Le cas Subtil est donc le principal point de friction entre les deux. Le Fou ne veut que le bien pour Subtil, il ne veut pas que Subtil devienne un pion dans la lutte que se livrent Fitz et Royal. Il veut une fin digne pour le roi. Le Fou a aussi conscience que l’espérance de vie de Subtil est très limitée si Royal accède au pouvoir. Tout cela le pousse à avoir peur, le pousse dans ses retranchements.

L’amitié entre Fitz et le Fou est alors en grand péril. Le Fou, au pied du mur, exerce une forme de chantage : « je te promets que, si mon roi s’en va et que je ne suis pas avec lui, je révèlerai tous tes secrets. Tous sans exception ». Le Fou ne fait pas cela par gaieté de coeur, cela l’attriste. Il sait qu’il trahit potentiellement Fitz, il sait que ce qu’il fait est mal (« les larmes qui ruisselaient sur son visage étaient teintées de rose (…) incapable de supporter cette vision, je m’enfuis dans l’escalier »).

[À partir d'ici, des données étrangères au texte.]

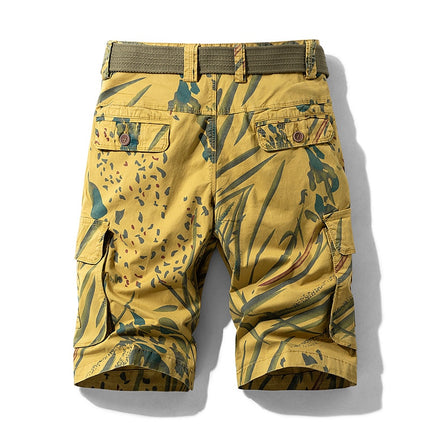 Men's Abstract Print Camping Shorts - Wnkrs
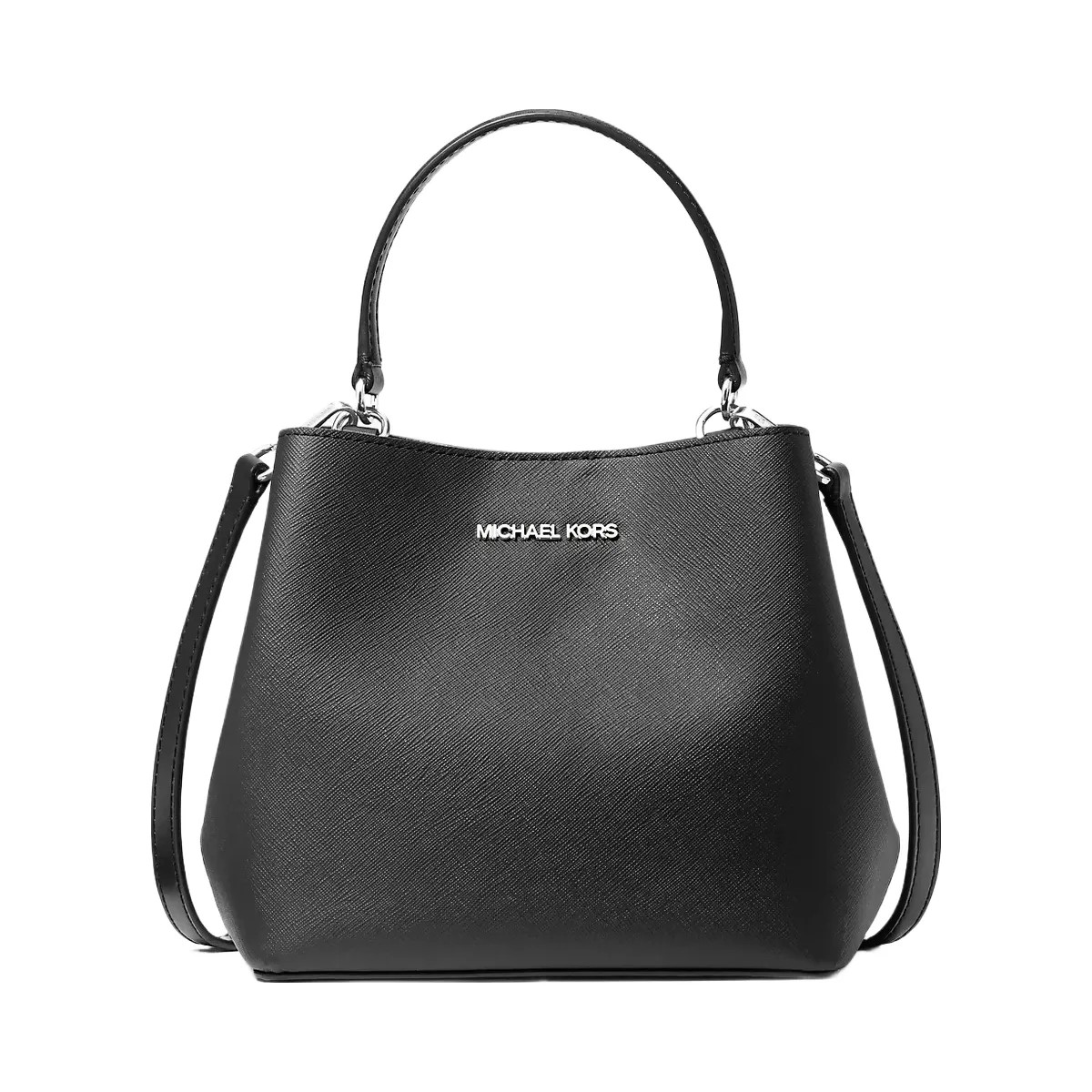 Michael Kors Pratt Small Convertible Shoulder Bag Black - HypeFly India View 1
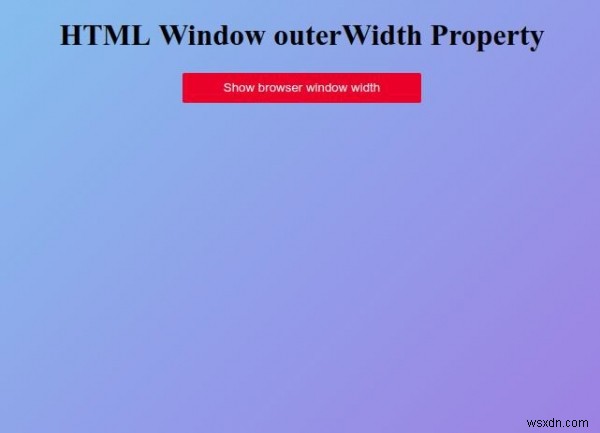 HTML Window outerWidth 속성 – 브라우저 창 전체 너비 확인 방법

Malheureusement, Subtil meurt. Pour tous, c’est Fitz qui l’a tué. Tout concorde : il était là, il était là seul avec Subtil. Le Fou est accusateur : « tu l’as tué, tu l’as tué ! Tu as tué mon roi, traître immonde ». C’est la dernière fois que Fitz voit le Fou. Leur dernière rencontre est marquée par des accusations et des insultes.